The election commission will provide an update Sunday “on the way forward” in two dozen constituencies where voting did not occur, commission chief Wafula Chebukati said.
“We have the materials ready but we can’t do this alone. It’s a security issue,” Chebukati said. “We cannot put the lives of our staff at risk.”
The election commission also revised its turnout from Thursday’s election to 48 percent of 19.6 million registered voters, saying an earlier estimate of about one-third was not based on complete data. The opposition boycott sharply reduced turnout in comparison to the Aug. 8 vote, when nearly 80 percent of registered voters participated.
The Supreme Court nullified the August vote because of irregularities — the first time a court in Africa had overturned a presidential election. Odinga, whose legal challenge led to the ruling, withdrew from the new election, saying the process was not credible because of the lack of electoral reforms.

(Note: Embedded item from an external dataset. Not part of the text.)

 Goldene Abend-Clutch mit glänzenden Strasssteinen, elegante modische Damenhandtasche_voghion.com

The streets of Kisumu, Kenya’s third-largest city and an opposition stronghold, as well as several Nairobi slums were largely quiet on Saturday, though police clashed with crowds in the capital’s Kawangware slum.

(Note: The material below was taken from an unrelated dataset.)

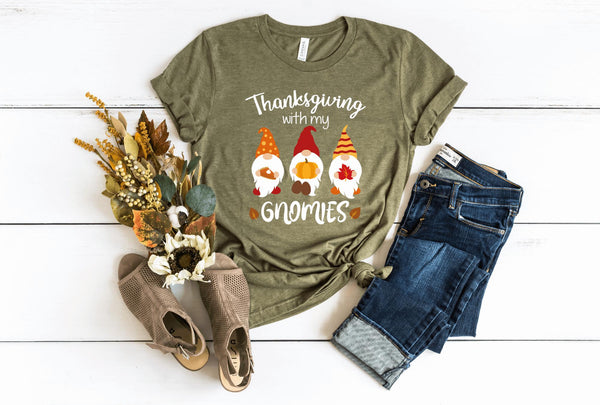 T-Shirt-Thanksgiving Gnomies T-Shirt-S-Heather Olive-Jack N Roy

Young men in Kawangware, some of them carrying machetes, taunted the police and ran for cover. “No Raila, no peace,” some chanted.

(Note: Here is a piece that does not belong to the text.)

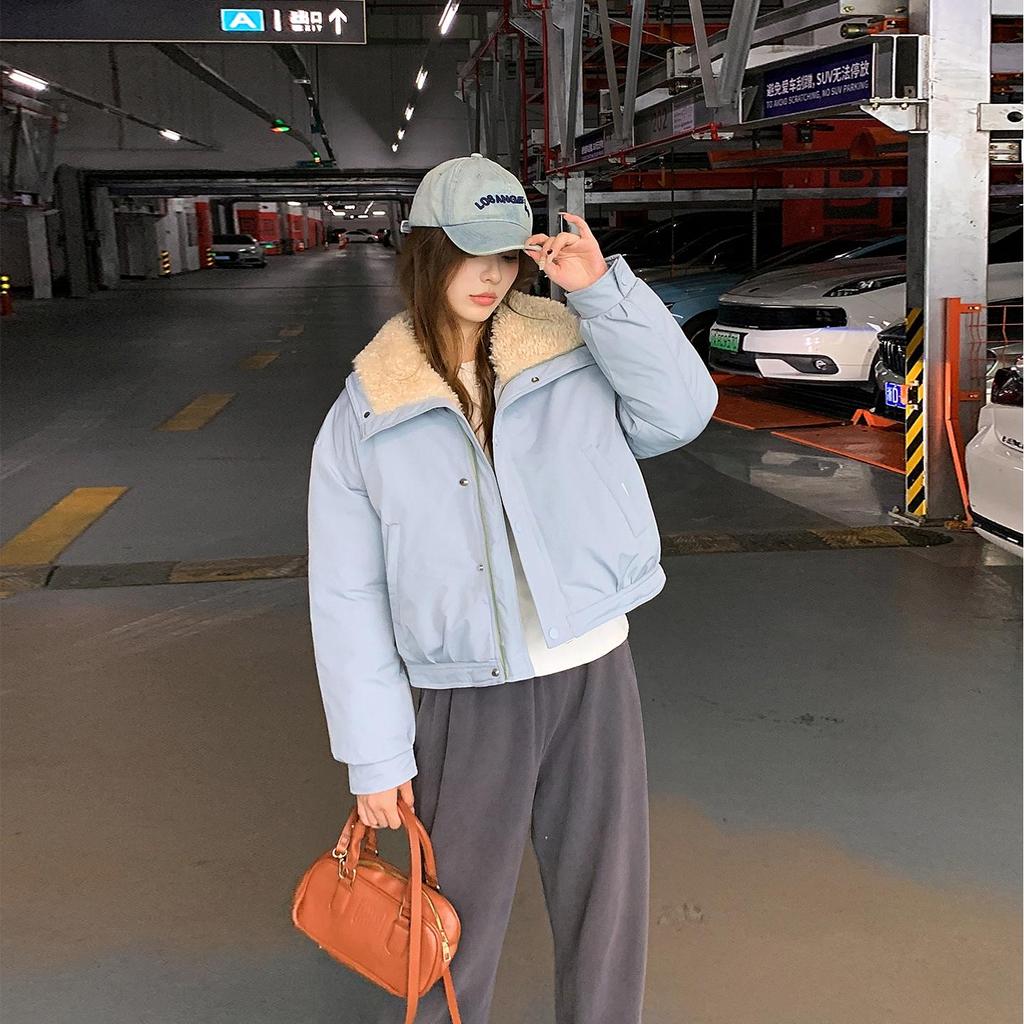 Autumn Winter Thicken Warm Parka Women Casual Sweety Solid Color Big Pocket Loose Jackets Outwear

“I don’t see this ending soon,” said one supporter, Paul Maumo. He accused the election commission of staging a fraudulent vote.
At least six people have died in violence linked to the latest vote.
Kenyatta, who got 54 percent of the vote in August, is from the Kikuyu community and has talked about the need to dispel ethnic loyalties in politics. Odinga, who got nearly 45 percent in the earlier election, is a Luo.
Some Kenyans have raised concerns about the way Thursday’s election was conducted. The electoral commission announced that 35,564 polling stations opened on voting day, but the commission chairman later tweeted they had received results forms from 36,796 polling stations.
Commission spokesman Andrew Limo said some electronic transmission kits fail to send a signal to show the polling station has opened but still transmit results. The commission has stopped updating results that were transmitted electronically and will announce only the final ones, he said.
International election observers had a much lower profile in Thursday’s election, reflecting their concern about opposition hostility toward their generally positive reviews of voting day in August. Observers had urged anyone with grievances to address them through legal channels.
Acting on behalf of the African Union, former South African President Thabo Mbeki was the only high-profile election observer during Thursday’s vote. Former U.S. Secretary of State John Kerry, who was in Kenya in August as an observer for The Carter Center, did not return this time.